[Records excerpted from a collection]
###
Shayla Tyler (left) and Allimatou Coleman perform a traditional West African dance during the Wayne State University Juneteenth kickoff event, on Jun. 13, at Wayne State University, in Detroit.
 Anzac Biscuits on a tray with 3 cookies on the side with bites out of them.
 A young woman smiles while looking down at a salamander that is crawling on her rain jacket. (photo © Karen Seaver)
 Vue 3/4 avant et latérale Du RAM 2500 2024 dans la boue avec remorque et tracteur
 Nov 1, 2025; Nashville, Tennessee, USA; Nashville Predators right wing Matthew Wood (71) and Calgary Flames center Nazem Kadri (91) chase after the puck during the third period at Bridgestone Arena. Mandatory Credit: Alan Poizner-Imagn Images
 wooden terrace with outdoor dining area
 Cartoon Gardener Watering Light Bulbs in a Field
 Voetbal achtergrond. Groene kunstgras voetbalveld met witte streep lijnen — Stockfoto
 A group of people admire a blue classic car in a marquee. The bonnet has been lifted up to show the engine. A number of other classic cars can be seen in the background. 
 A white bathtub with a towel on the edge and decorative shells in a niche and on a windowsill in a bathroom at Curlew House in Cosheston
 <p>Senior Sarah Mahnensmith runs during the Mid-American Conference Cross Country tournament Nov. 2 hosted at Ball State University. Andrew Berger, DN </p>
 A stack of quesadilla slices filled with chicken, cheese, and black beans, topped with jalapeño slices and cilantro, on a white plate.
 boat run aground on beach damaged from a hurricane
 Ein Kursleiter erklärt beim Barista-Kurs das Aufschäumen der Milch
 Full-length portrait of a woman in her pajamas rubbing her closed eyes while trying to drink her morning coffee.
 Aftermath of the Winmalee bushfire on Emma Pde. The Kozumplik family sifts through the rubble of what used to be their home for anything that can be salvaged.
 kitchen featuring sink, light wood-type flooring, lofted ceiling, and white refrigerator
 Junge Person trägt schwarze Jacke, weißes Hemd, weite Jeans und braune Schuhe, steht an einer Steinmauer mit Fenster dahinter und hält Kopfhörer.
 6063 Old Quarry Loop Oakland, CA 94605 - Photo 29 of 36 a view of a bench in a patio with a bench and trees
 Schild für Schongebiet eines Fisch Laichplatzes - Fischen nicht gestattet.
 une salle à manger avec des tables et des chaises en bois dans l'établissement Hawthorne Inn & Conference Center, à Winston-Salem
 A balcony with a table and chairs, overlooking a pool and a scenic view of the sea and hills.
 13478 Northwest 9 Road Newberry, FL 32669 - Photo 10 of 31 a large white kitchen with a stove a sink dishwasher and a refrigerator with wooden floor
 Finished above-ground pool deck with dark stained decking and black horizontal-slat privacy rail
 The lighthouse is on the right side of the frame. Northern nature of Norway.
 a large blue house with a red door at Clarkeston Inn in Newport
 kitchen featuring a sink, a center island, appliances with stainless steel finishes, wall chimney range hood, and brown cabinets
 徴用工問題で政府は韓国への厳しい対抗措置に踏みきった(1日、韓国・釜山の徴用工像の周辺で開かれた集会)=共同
###
EXERCISE DIRECTIONS
Give back exactly the lines above, from the line containing "A stack of quesadilla" through the line containing "Schild für Schongebiet", with both end lines and nothing more.

ANSWER FOR THIS EXERCISE
 A stack of quesadilla slices filled with chicken, cheese, and black beans, topped with jalapeño slices and cilantro, on a white plate.
 boat run aground on beach damaged from a hurricane
 Ein Kursleiter erklärt beim Barista-Kurs das Aufschäumen der Milch
 Full-length portrait of a woman in her pajamas rubbing her closed eyes while trying to drink her morning coffee.
 Aftermath of the Winmalee bushfire on Emma Pde. The Kozumplik family sifts through the rubble of what used to be their home for anything that can be salvaged.
 kitchen featuring sink, light wood-type flooring, lofted ceiling, and white refrigerator
 Junge Person trägt schwarze Jacke, weißes Hemd, weite Jeans und braune Schuhe, steht an einer Steinmauer mit Fenster dahinter und hält Kopfhörer.
 6063 Old Quarry Loop Oakland, CA 94605 - Photo 29 of 36 a view of a bench in a patio with a bench and trees
 Schild für Schongebiet eines Fisch Laichplatzes - Fischen nicht gestattet.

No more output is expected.